To set the context, previously Tomasz posted:

On page 16 that whitepaper clarifies:

the purpose of this paper is to overview the subject of high frequency data filtering
and briefly describe the methodologies employed by Tick Data, Inc. This paper is not intended
to fully disclose the filtering process, as full disclosure is not appropriate in a paper intended as an
overview on the subject.

Consider a scenario, wherein, by happenstance multiple bad ticks are received; would ATR still be potent for successive bad tick? ATR would get spoiled because of that unusual spread! To fix that you would need to iteratively reset ATR with newly transformed Highs or Lows.

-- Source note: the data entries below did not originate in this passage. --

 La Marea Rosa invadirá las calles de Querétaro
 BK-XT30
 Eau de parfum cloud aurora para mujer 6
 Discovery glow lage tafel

Statistically speaking bad ticks are nothing but outliers. AFAIK using percentiles and z-scores, outliers of a dataset can be easily detected. Z-scores seems fit as it prioritizes spread-tendency of dataset (unlike Median depicting central-tendency).

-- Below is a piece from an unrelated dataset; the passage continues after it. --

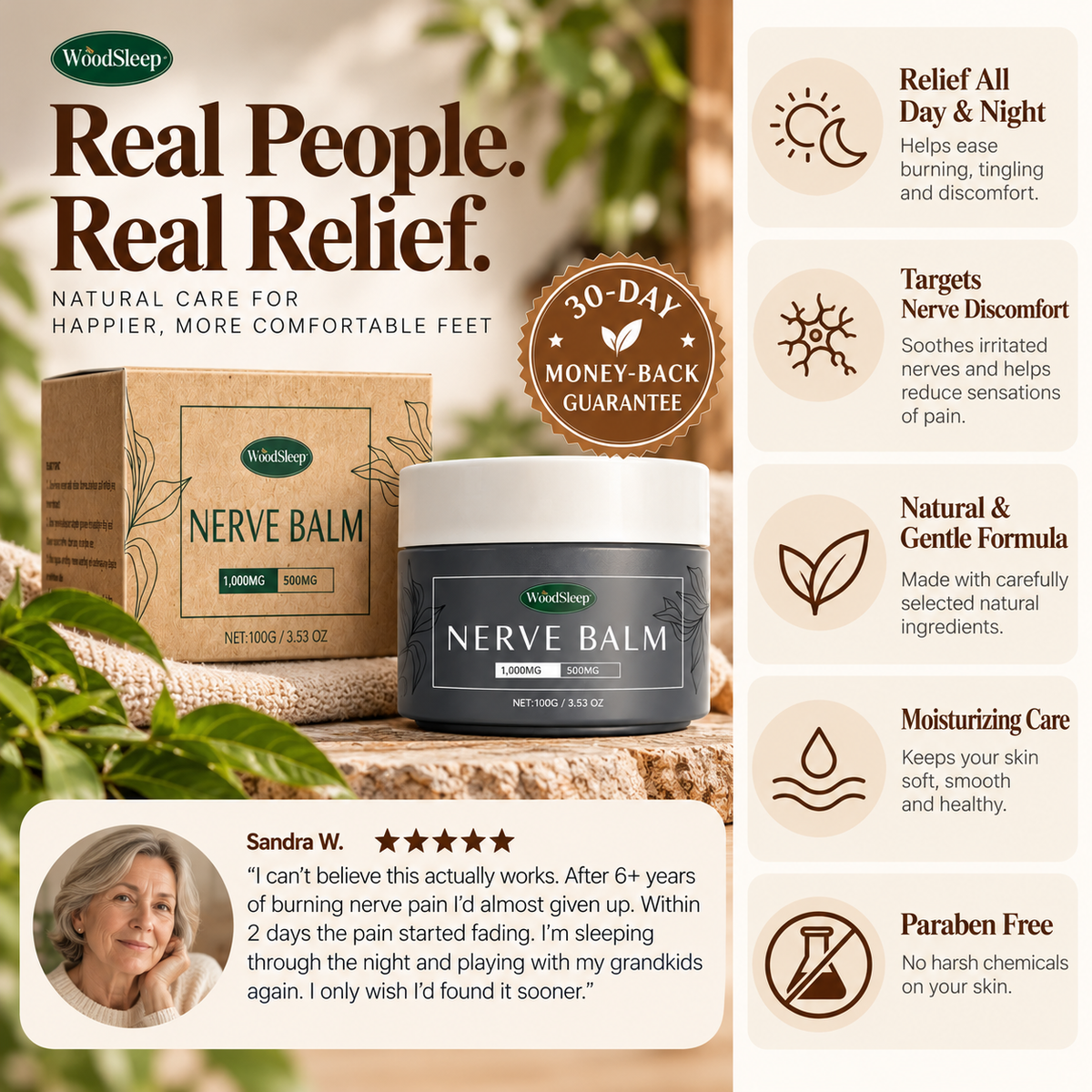 NERVEXA CREAM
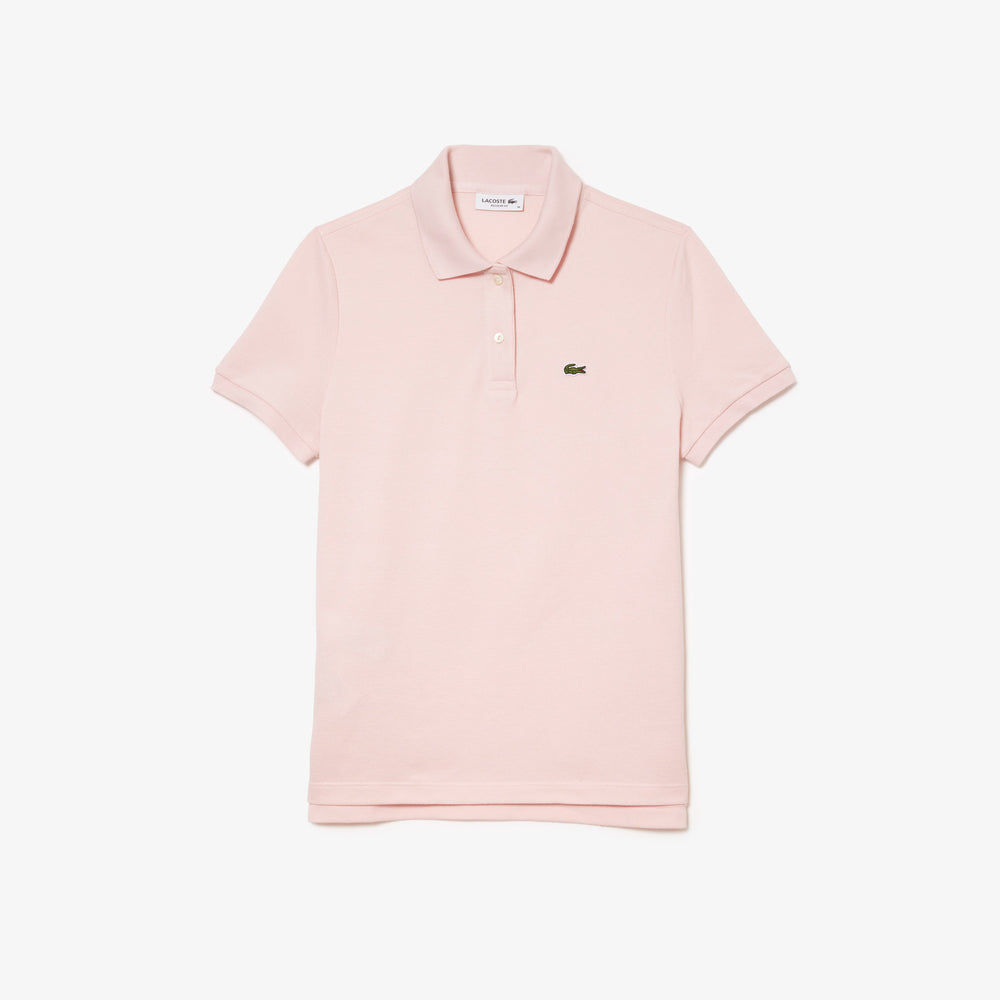 Supple Cotton Piqué Polo Shirt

Basically, Z-score tells us how many standard deviations the data point is away from the mean. A +ve Z-score indicates that the data point is above the mean, while a -ve Z-score indicates that the data point is below the mean. The magnitude of the z-score indicates the distance from the mean in terms of standard deviations.

Here's the formula to calculate the Z-score:

``````z = ( x - μ ) / σ
``````

where:

• x is the data point
• μ is the mean of the dataset
• σ is the standard deviation of the dataset

Algorithm to calculate Z-score:

1. Calculate the mean (μ) and the standard deviation (σ) of the dataset.
2. Choose the data point (x) for which you want to calculate the Z-score.
3. Subtract the mean (μ) from the data point (x) = (x - μ)
4. Divide the result by the standard deviation (σ) = (x - μ) / σ

Therefore, data points that have Z-scores beyond a certain threshold (e.g., 2 or 3) are considered outliers (bad ticks).

2 Likes

Hi Cougar, thank you for your very thoughtful comments and input. It's funny that I already coded a Z-score function a few years ago, but never considered applying it to the wicks!

Yesterday I was trading NVDA and saw some very long wicks in the premarket that were actually legitimate. Although it was satisfying to see the long wicks highlighted, the legitimately tall wicks made me think about false positives and that I should spend some more time thinking about how to proceed.